Copyright is granted to the author of the work, irrespective of any formalities, from the moment the work is created and it meets the criteria for protection, even if the work has not been finished or made public. In general, for a work to be protected by copyright it must be ‘the author’s own intellectual creation’, which in Romania means that a work needs to be expressed in a concrete form, to be original (i.e. it bears the mark of the author’s personality) and to be in a form that can be perceived by others. Therefore, if a photograph taken with a mobile phone meets the criteria for protection, copyright will exist in the photo from the very moment it has been taken, no registration is necessary. A photograph taken with a mobile phone will normally meet the criteria for protection whenever the photographer has individually chosen all or some of the various elements that influence how the final photograph looks (e.g. setting, lighting, pose of the subject, angle, aperture, exposure).

What is copyright infringement? Can I get in trouble for copyright infringement? What if I wasn't aware that I infringed something protected by copyright?

In general, copyright infringement refers to using a copyrighted work without proper authorisation. Many acts of use of a work (whether it is making a copy, giving that copy to someone else, uploading the copy to the internet or modifying it in order to show it to someone else) can amount to copyright infringement. There are serious consequences for copyright infringement, as both criminal and civil claims can be made against you.

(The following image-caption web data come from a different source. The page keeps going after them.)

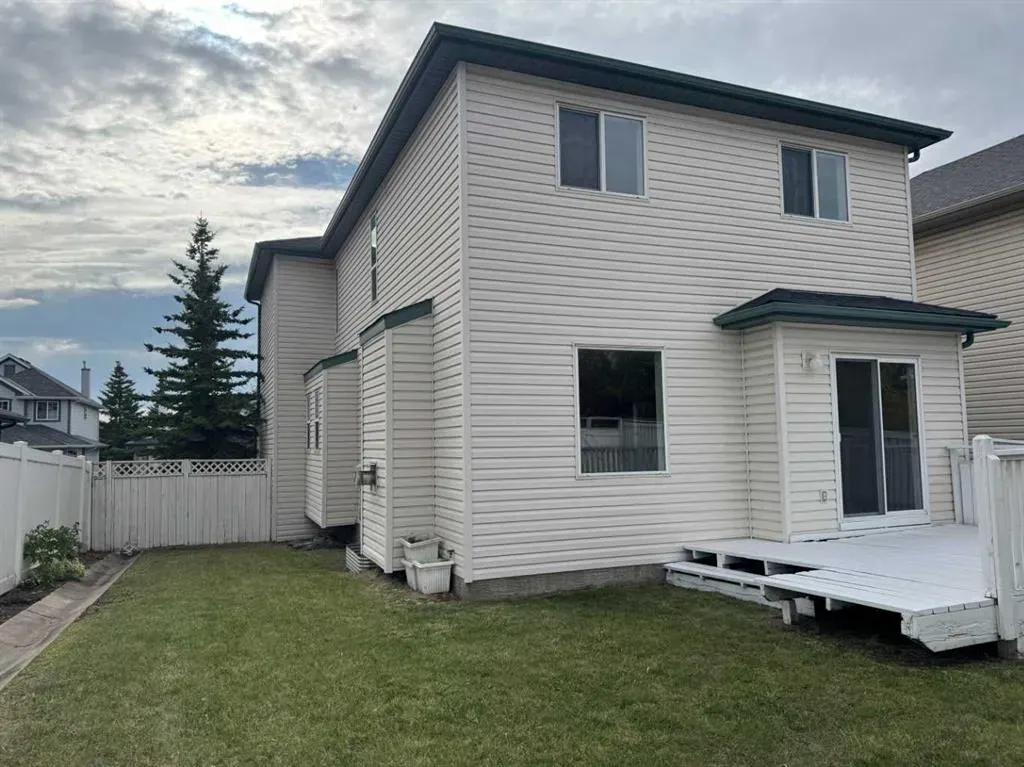 22 Arbour Butte Road NW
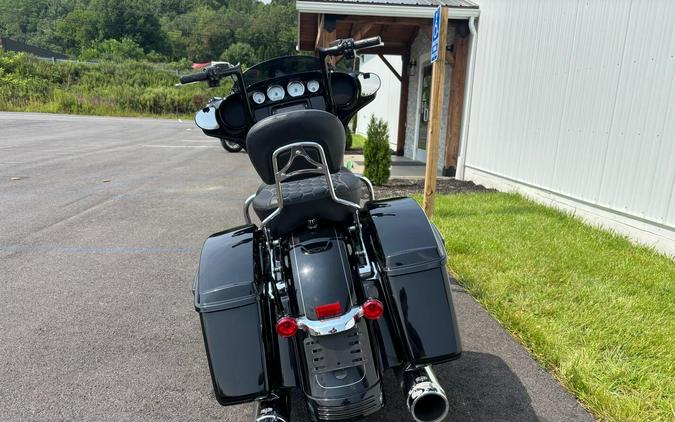 2016 Harley-Davidson FLHXS / Street Glide Special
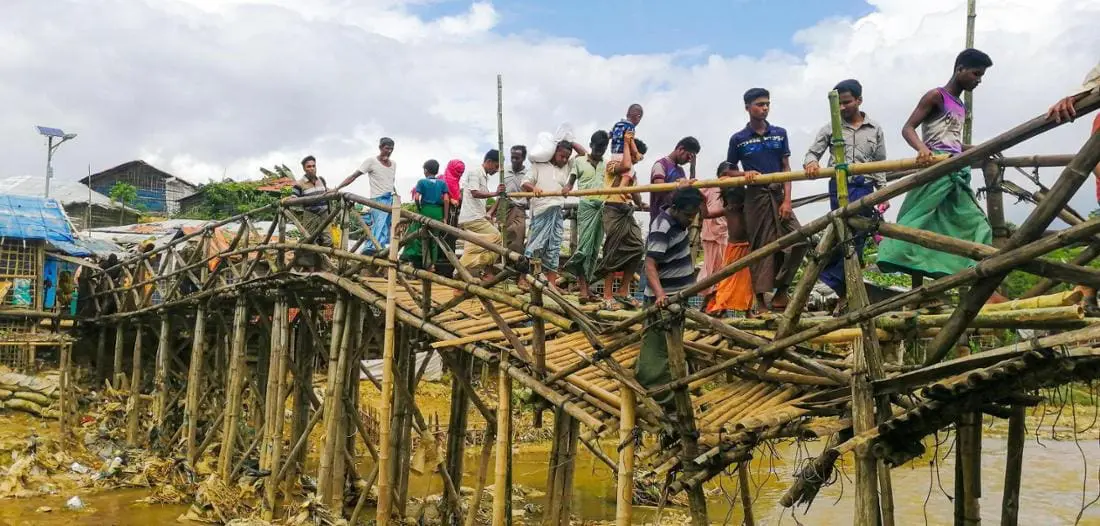 36982295 die bruecke zerbricht immer weiter es fehlen ressourcen sahat zia hero rohingyatographer magazine NXBG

Even if not knowing that the act was infringing may reduce the risk of a criminal conviction, ignorance does not help with civil liability, which means that you may have to pay high damages to the rights holders.

Am I allowed to download a work protected by copyright from the internet and does it matter which technology is used and whether I download only parts of the work?

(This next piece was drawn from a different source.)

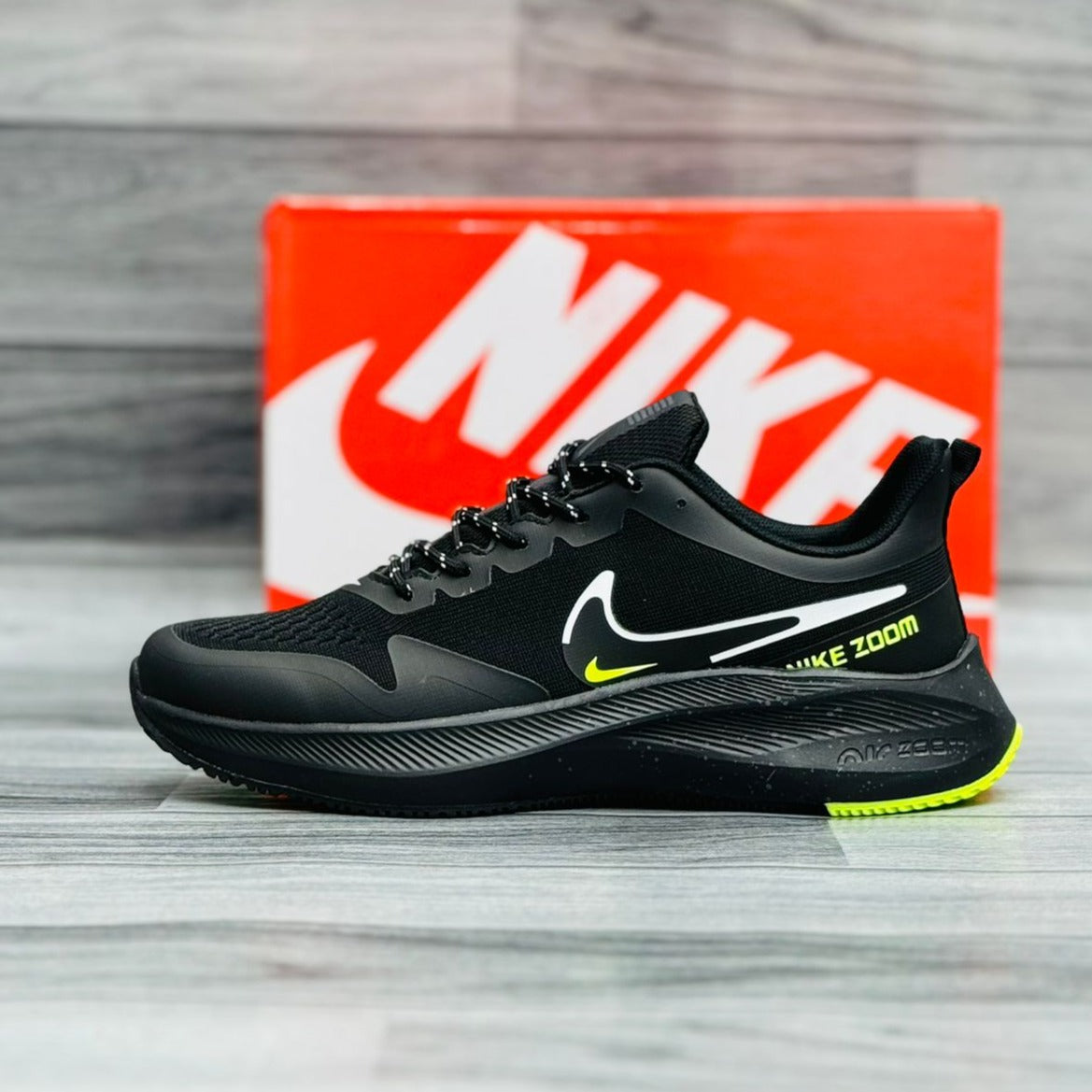 NK Air Zoom InfinityRN 4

Downloading a copyright-protected work from the internet, irrespective of the technology used, is very likely to infringe rights in the work. The same is true where only parts of the work would be downloaded (except where the downloaded parts would not amount to something protected by copyright). In order not to infringe, you would either need to have authorisation from the rights holder to make the download, or fall within a limitation to copyright (e.g. where the download would qualify as a private copy). This could be applicable where you own an authorised copy of a work (not a computer program, however) and you make a new copy of that work solely for your personal use or for the use of the ‘family circle’, even if that copy has been made by downloading it from the internet. In order not to infringe you would have to make sure that when downloading you are not simultaneously allowing others to upload the work.

What is copyright?

Copyright (or author’s right) is a legal term used to describe the rights that creators have over their literary and artistic works. Works covered by copyright range from books, music, paintings, sculpture, and films, to computer programs, databases, advertisements, maps, and technical drawings.

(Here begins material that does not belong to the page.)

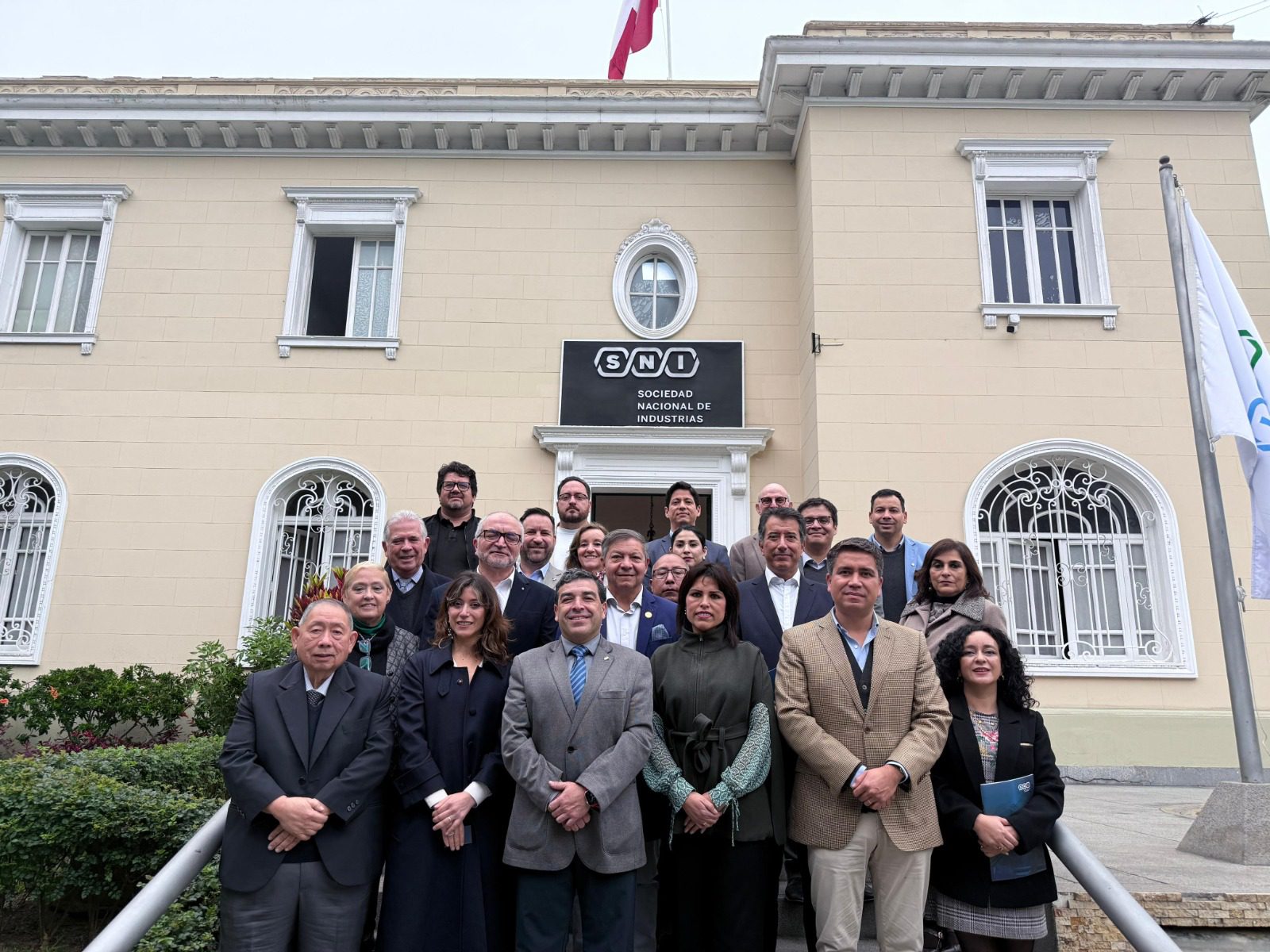 Alcalde Estay y concejal Morgado se reúnen con la Sociedad Nacional de Industrias de Perú e intercambian estrategias para potenciar el comercio y la seguridad en Villa Alemana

What can be protected using copyright?

Exhaustive lists of works covered by copyright are usually not to be found in legislation. Nonetheless, broadly speaking, works commonly protected by copyright throughout the world include:

literary works such as novels, poems, plays, reference works, newspaper articles;

computer programs, databases;

films, musical compositions, and choreography;

artistic works such as paintings, drawings, photographs, and sculpture;

architecture; and

advertisements, maps, and technical drawings.

Copyright protection extends only to expressions, and not to ideas, procedures, methods of operation or mathematical concepts as such. Copyright may or may not be available for a number of objects such as titles, slogans, or logos, depending on whether they contain sufficient authorship.

What rights does copyright give me? What are my rights as author of a work?

There are two types of rights under copyright:

economic rights, which allow the rights owner to derive financial reward from the use of his works by others; andmoral rights, which protect the non-economic interests of the author.

Most copyright laws state that the rights owner has the economic right to authorize or prevent certain uses in relation to a work or, in some cases, to receive remuneration for the use of his work (such as through collective management). The economic rights owner of a work can prohibit or authorize:

What does it mean to “license” my works and how can I do it?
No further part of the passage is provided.